Researchers have compared measurements of mitochondria functions after additional ALA intake with a control group that had not received an ALA supplement. The group that had not received the supplement showed a decrease of mitochondria functions and of ambulatory activity and an endogenous level of vitamin C and glutathione. After two weeks of ALA supplementation, clear signs of reversal of all three signs of aging were noticed.

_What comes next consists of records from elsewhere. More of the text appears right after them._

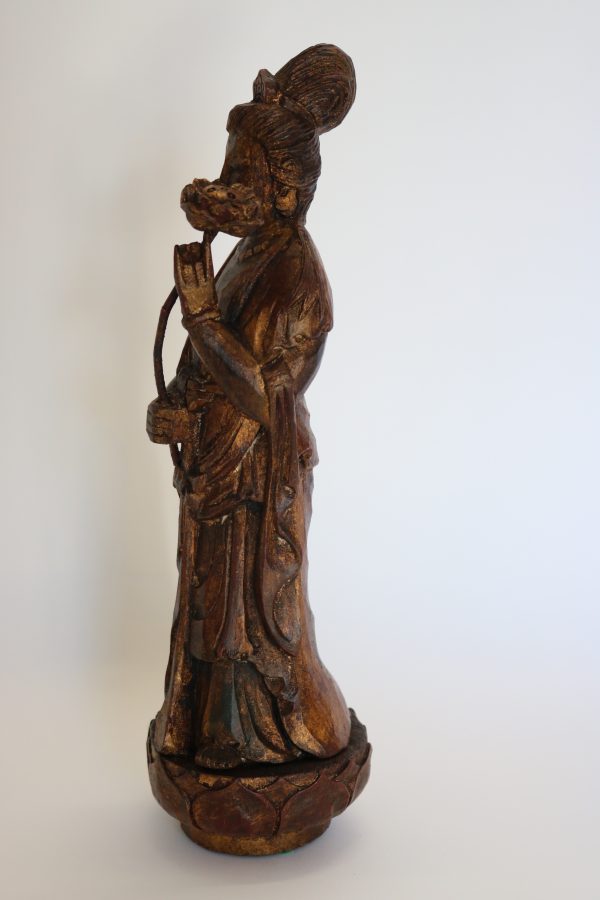 Hand Carved Wood Quan Yin - Image 5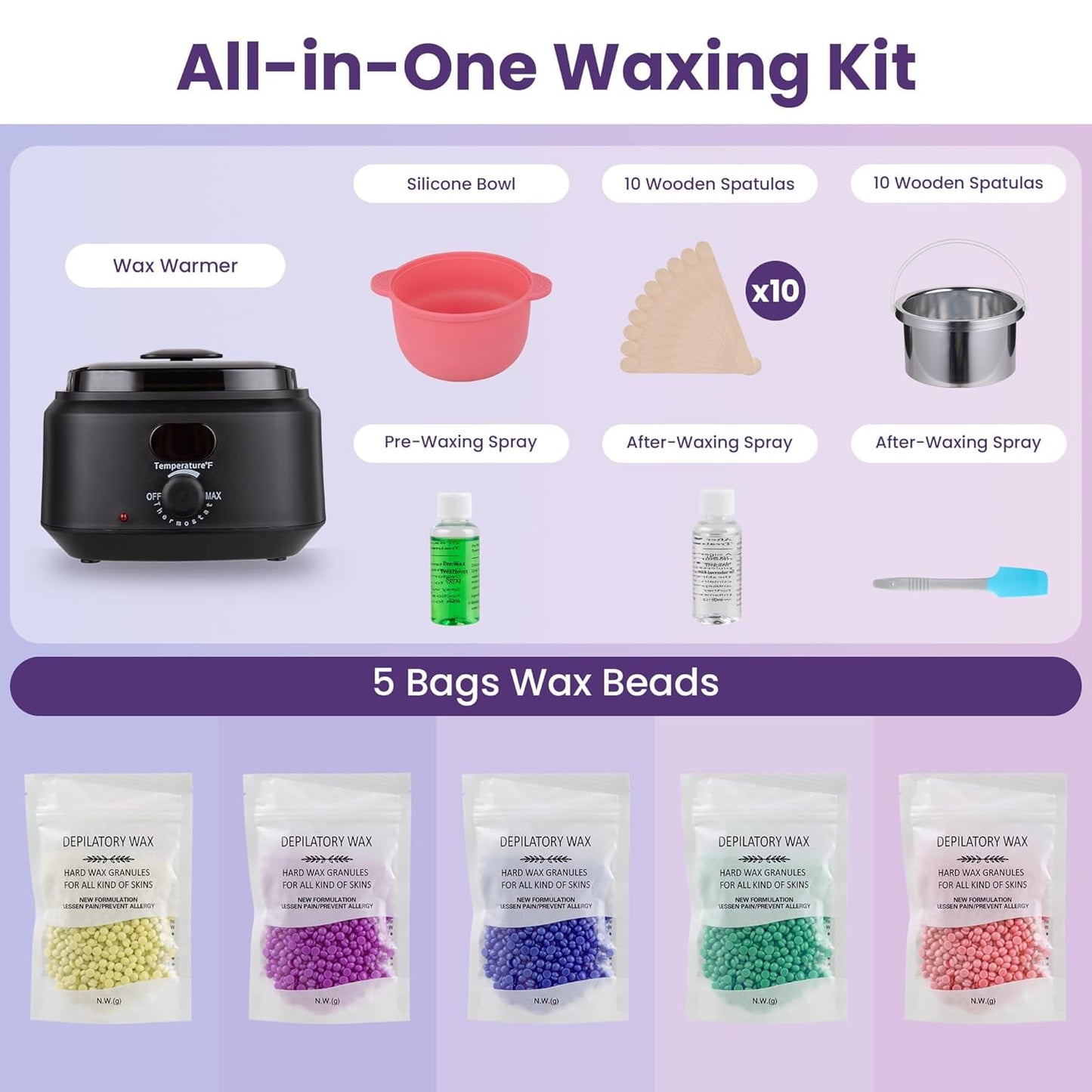 Superjoe Waxing Kit, Brazilian Wax Warmer for Hair Removal with 5 Bag Hard Wax Beads, Digital Display Wax Melt Warmer Kit for Women Men Full Body, Legs, Face, Bikini,Sensitive skin, Black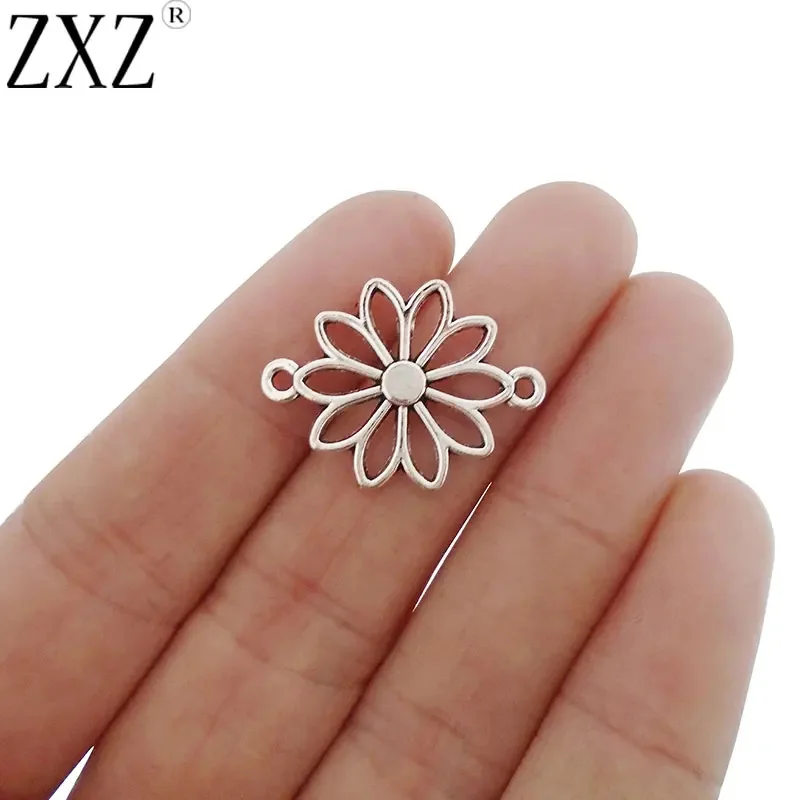 20pcs Vintage Mixed Flower Porous Connectors Silver Charms Pendants For DIY Jewellery Necklace Earrings Making Finding Crafts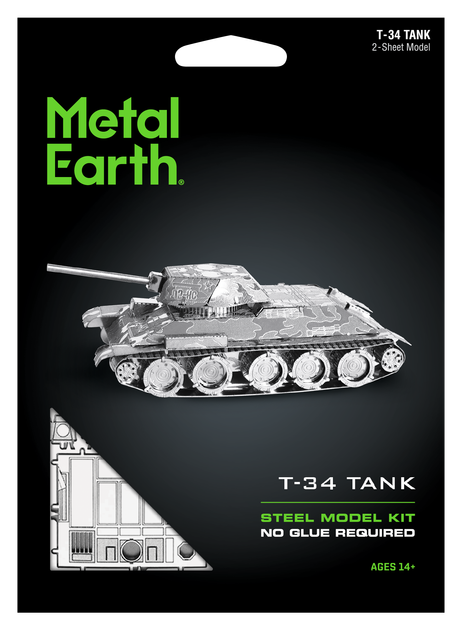 Металлический 3D конструктор "Танк Т-34", Metal Earth, MMS201 - Фото 7 Металлический 3D конструктор "Танк Т-34", Metal Earth, MMS201 - изображение 7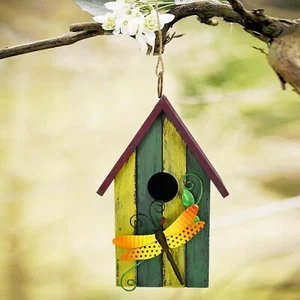 Wooden Decorative Birdhouse Hanging Bird House HandPainted Birds Outdoor BDhouse - Picture 1 of 16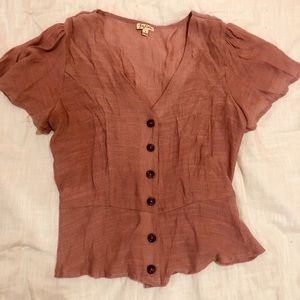 Mauve Button-Down Peplum Top
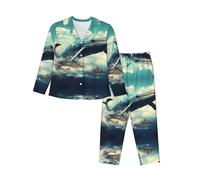 WBQLSL Fantastique ensemble de pyjama pour femme imprimé baleine, doux et chaud, relaxant à la maison, Noir , S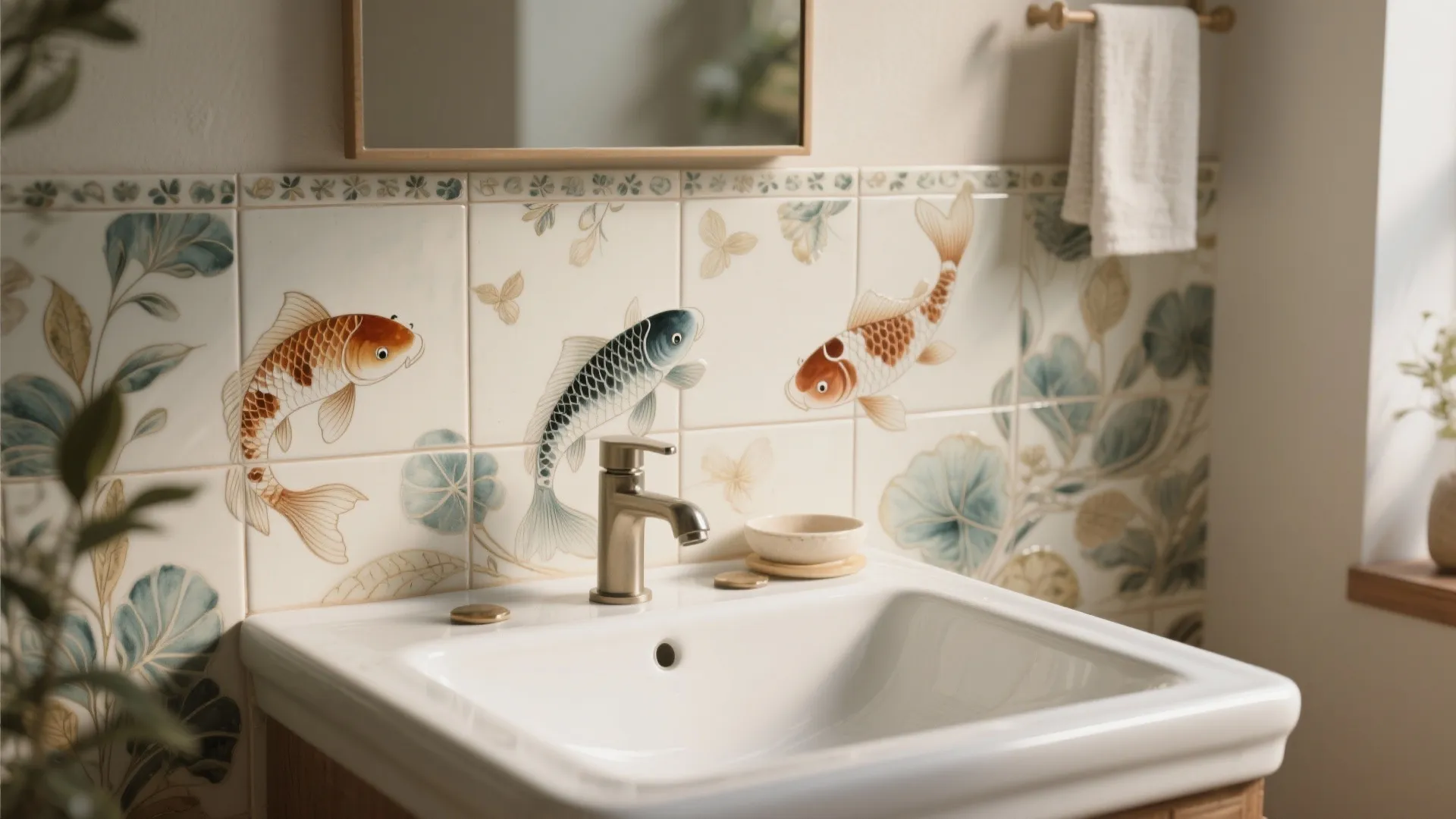 Bathroom sink with white basin and wall tiles featuring painted fish designs and green leaves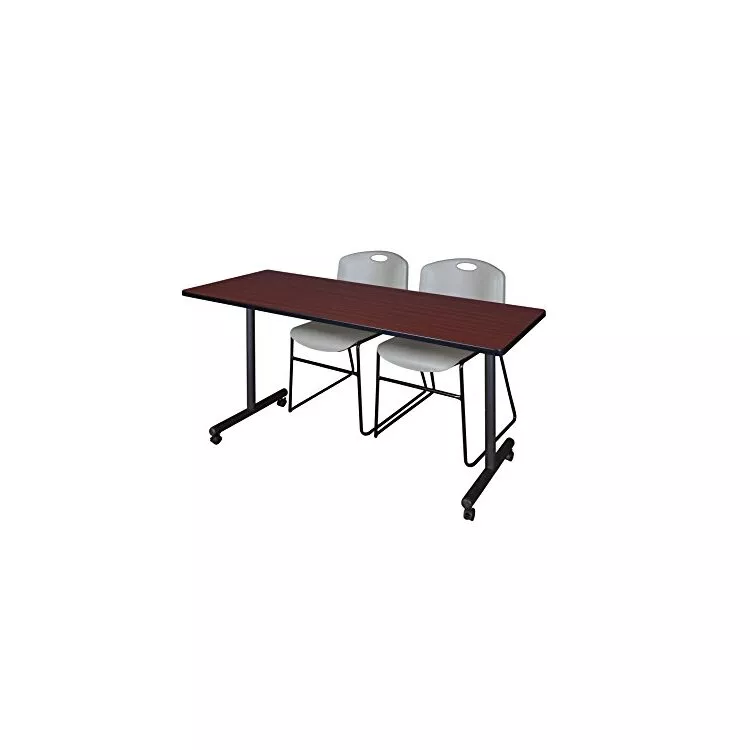 Mahogany Mobile Training Table 66 x 24 with 2 Stack Chairs Grey - Regency Seating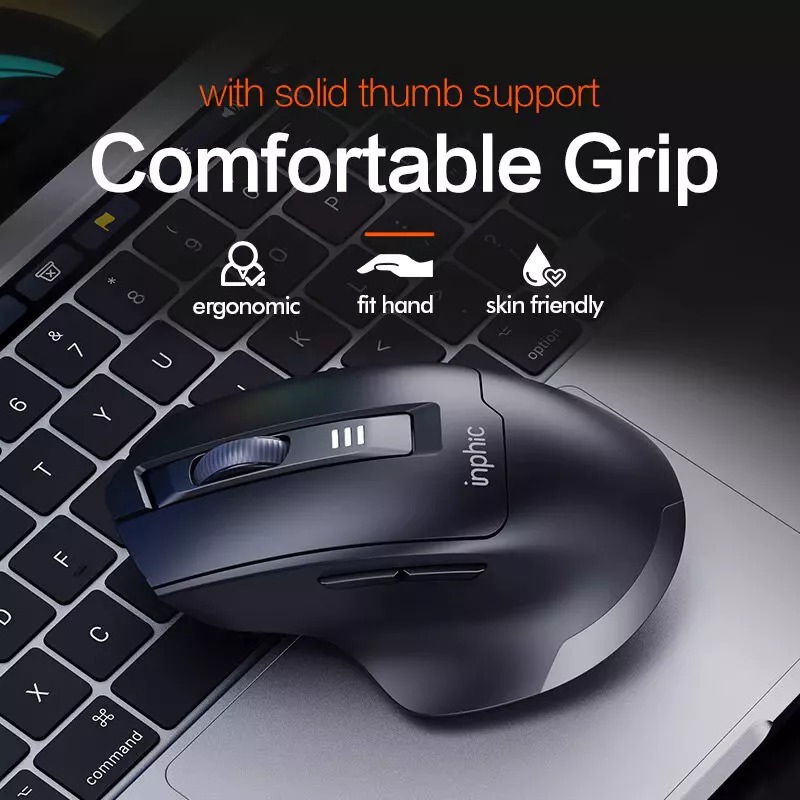 Chuột Gaming Inpic Không Dây Laptop Văn Phòng Công Thái Học Chống Mỏi Tay Kết Nối Wrieless 2.4G - Inphic M9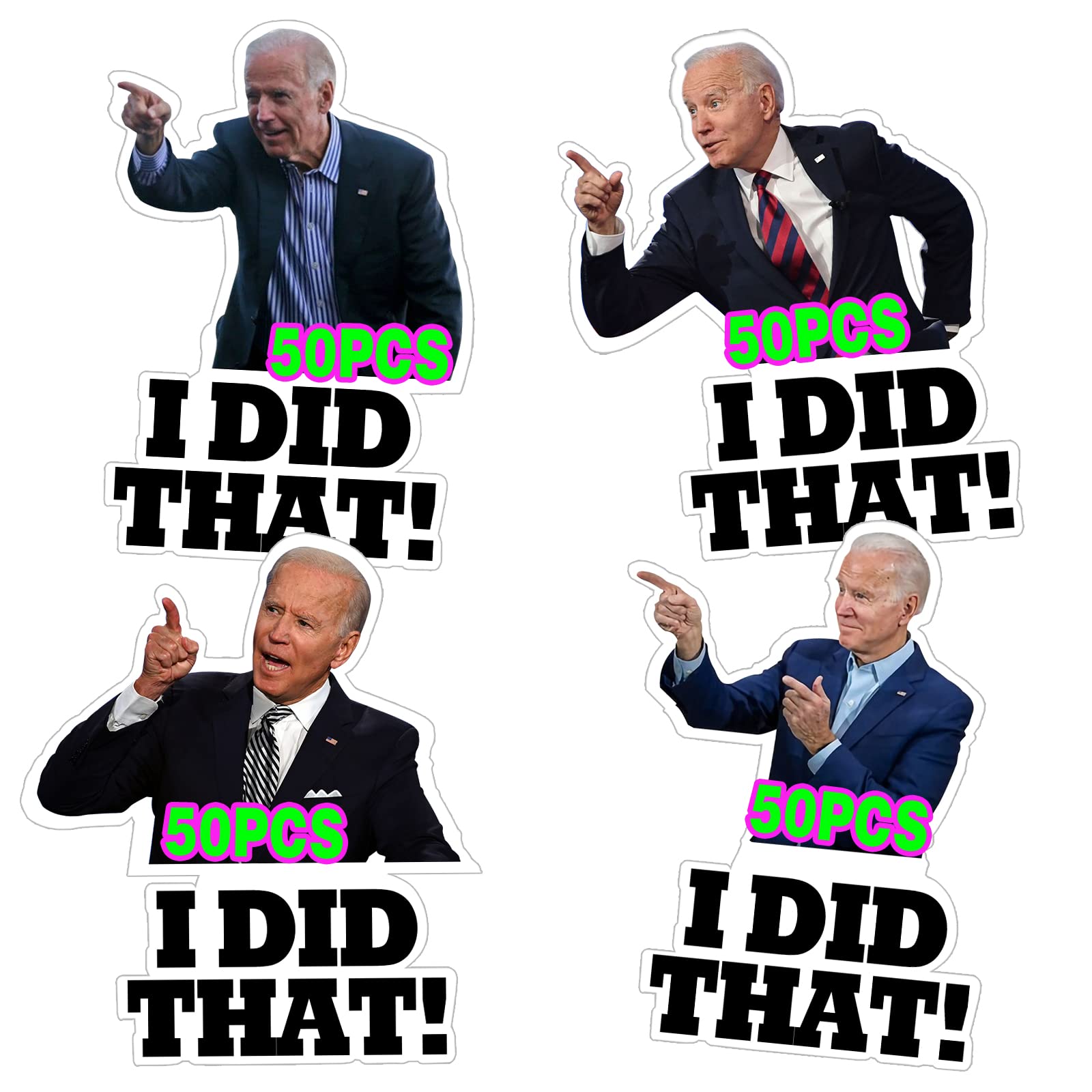 200Pcs Funny Joe Biden 'I Did That' Stickers - 3 Inch Vinyl Decals for Cars, Laptops, Windows - Perfect for Political Humor, Prank Gifts & Office Decor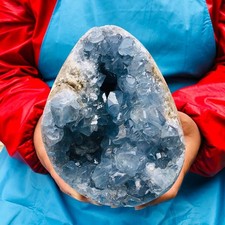 7.04LB Natural Blue Celestite Geode Quartz Crystal Mineral Specimen Healing picture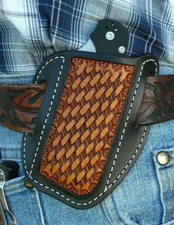 X-Large Leather Cross Draw Pocket Knife Sheath Ruff’s Spyderco Black & Tan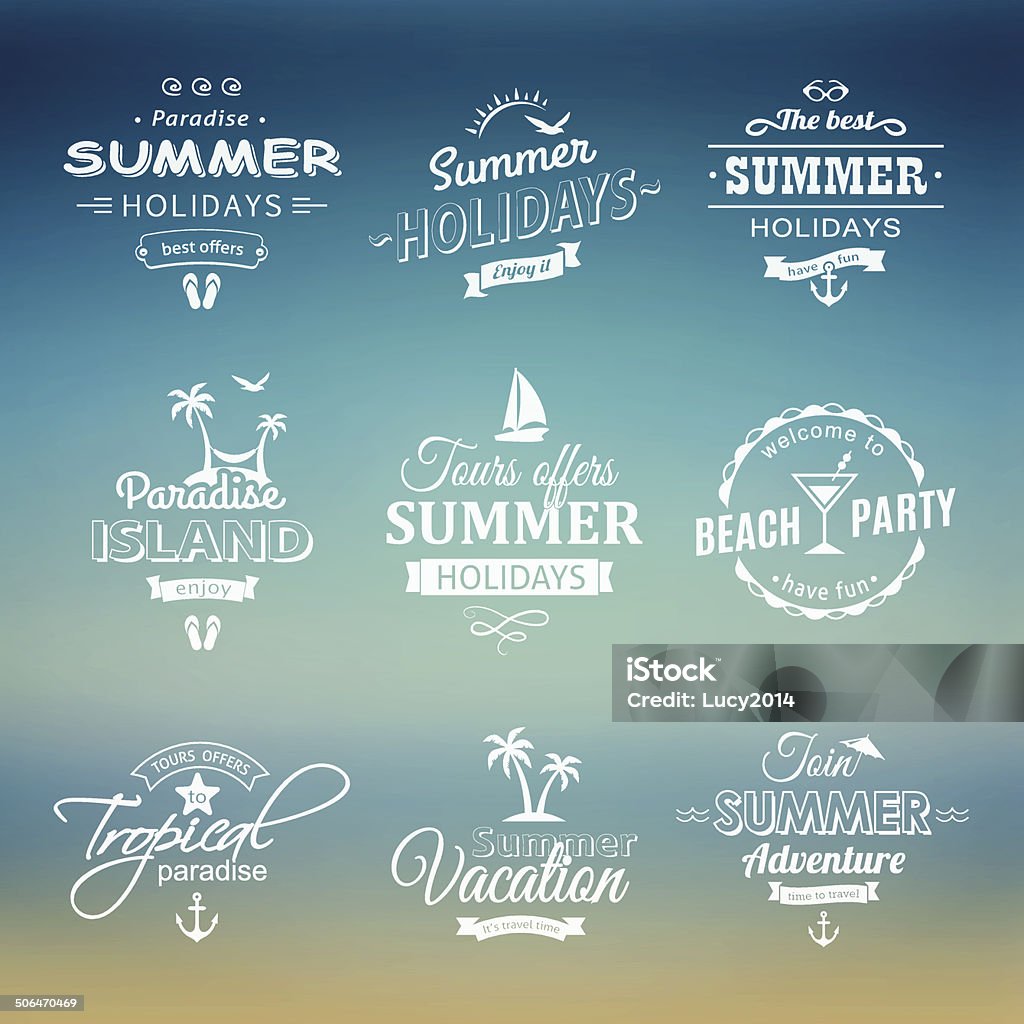 blue Label sur la plage - clipart vectoriel de Bordure libre de droits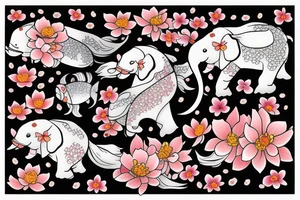 Cherry blossoms with koi fish elephant with trunks up wearing a crown lotus golf club tattoo idea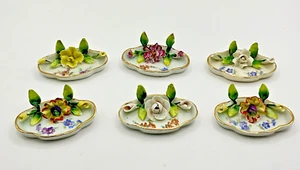 PC019 Vintage Germany Oval Dish W/ Flower Porcelain Set Of 6 Place Card Holder - Foto 1 di 13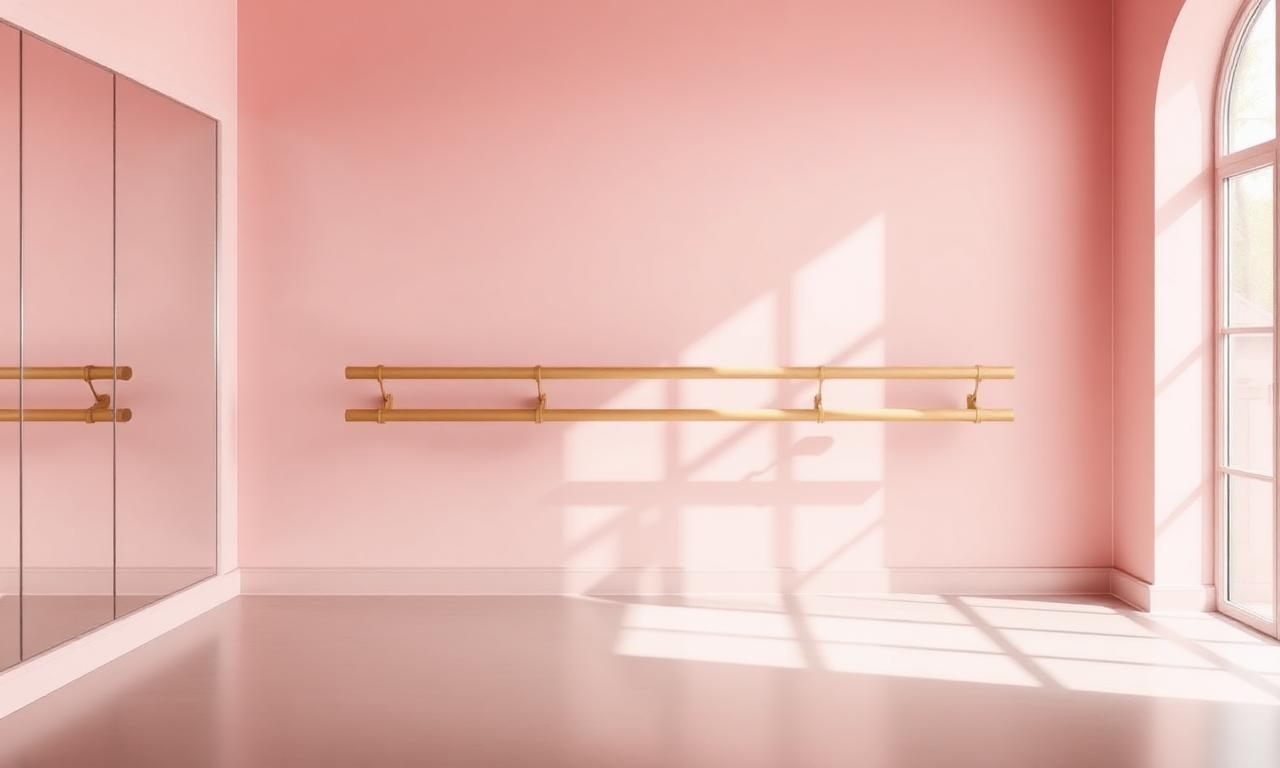 Pink ballet barre studio with mirrored walls and natural light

A similar study researched the effects of aging on the ascorbic acid concentration, on antioxidant recycling and on biosynthesis. Researchers have noticed a decline in all these functions subsequent to the aging process, as well as a decrease of the body’s ability to fight oxidant stress. Two weeks of ALA supplementation increased the ascorbic acid concentration, biosynthesis and recycling process. These promising results suggest that ALA can partially reverse some of the biological processes associated with aging, especially antioxidant decline, which is dictated by aging.

ALA is researched as potential treatment for a few major health issues – of interest here, diabetes and associated complications. In Germany, ALA is used as treatment for diabetic neuropathy. In USA, studies are carried out in order to assess the efficiency of ALA in the treatment of insulin immunity associated to type 2 diabetes and to the multiple neuropathies caused by diabetes complications.